7

I'm using joblib to parallelize my python 3.5 code.
If I do:

from modules import f
from joblib  import Parallel, delayed

if __name__ == '__main__':
    Parallel( n_jobs  =  n_jobs,backend = "multiprocessing")(delayed(f)(i) for i in range( 10 ))

code doesn't work. Instead:

from joblib import Parallel, delayed

def f( i ):
    # my func ...

if __name__ == '__main__':
    Parallel( n_jobs  =  n_jobs, backend = "multiprocessing")(delayed(f)(i) for i in range(10))

This works!

Can someone explain why I have to put all my functions in the same script?

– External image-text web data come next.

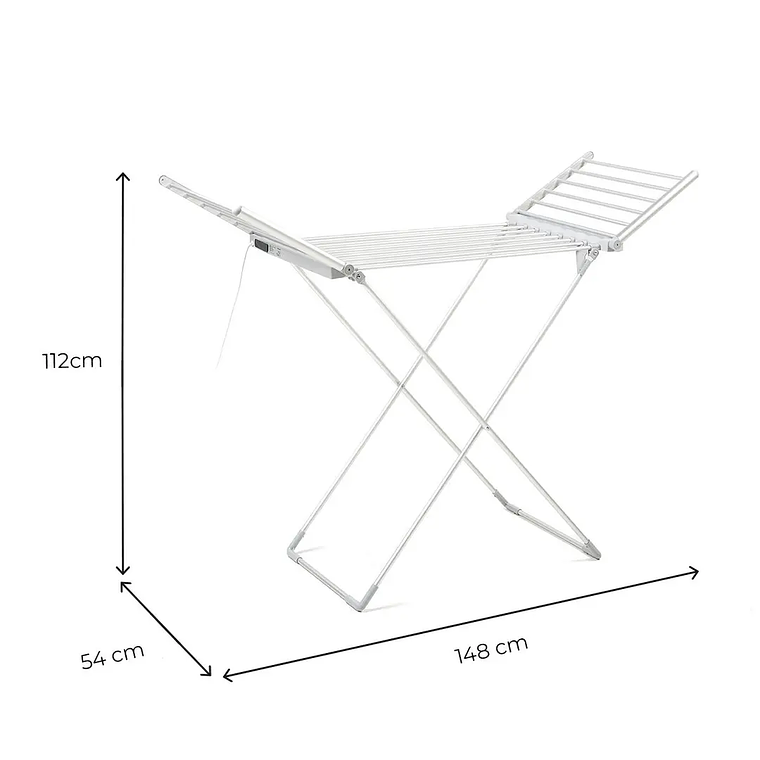 Estendal Elétrico Warmmat: Dobrável com Tela Touch, 230W, Temporizador e Controlo de Temperatura (20 Barras) 10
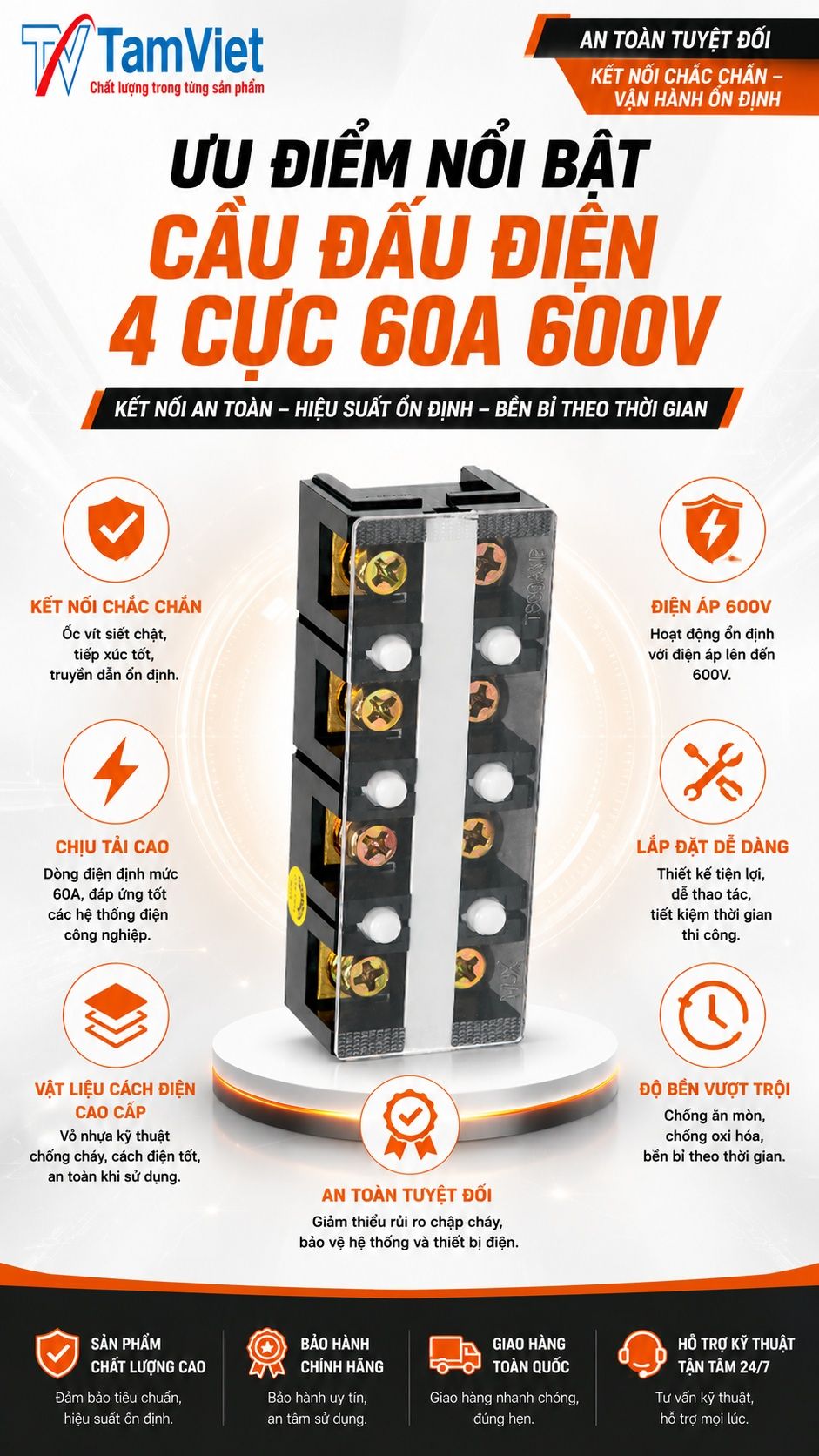 Ưu điểm cầu đấu điện 4 cực 60A 600V
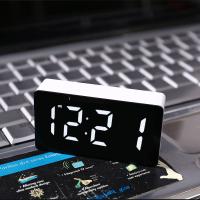 Reloj De Alarma Digital LED Espejo Pequeño Para Decoración De Habitación Moderno Con Luz Trasera Tablero De Control De Tiempo Accesorio Para Escritorio - details 4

That is really unpractical, because in modules there are plenty of functions that I coded, that I don't want to copy / paste in the main script.

Grg
  • 71
  • 3
  • 1
    Welcome. Please, would you be so kind and mark your code as such, in orde to make it readable. – rocksteady Oct 19 '17 at 11:01
  • 2
    Can you please post more information why your code is not working? Error messages, observed behaviour etc. – Nils Werner Oct 19 '17 at 11:20
  • .. I don't have an error, the code start but when it arrives at "parallel" it stop working as if it was entered in an infite loop. I thought it might be looking for the functions defined in "modules" but "modules" is in the same folder as the main script. So it should be alble to find them. Also, the non parallel version works well. – Grg Oct 20 '17 at 14:39
  • This is similar to the issue reported here https://github.com/joblib/joblib/issues/911 however I cannot reproduce it myself. Could someone experiencing this issue please report the full traceback information if you can reproduce it with joblib 0.14.0 or later? – ogrisel Dec 08 '19 at 18:09

2 Answers2

3

I faced the similar ussue. When I call function from import, it just freezes and when I call local function it works OK. Solve it by using multithreading instead of multiprocessing like that

Parallel( n_jobs  =  n_jobs, backend='threading')(delayed(f)(i) for i in range(10))
  • 1
    Note that this is not a good solution for CPU bound work that doesn't release the GIL since all threads share the same instance of the GIL. – kabla002 Aug 27 '19 at 14:58
1

I found a workaround that allows you to keep the helper functions in separates module. For each imported function that you want to parallelize, define a proxy function in your main module, e.g. as

def f_proxy(*args, **kwargs):
    return f(*args, **kwargs)

and simply use delayed(f_proxy). It is still somewhat unsatisfactory, but cleaner than moving all helper functions into the main module.

Ben JW
  • 1,370
  • 1
  • 10
  • 11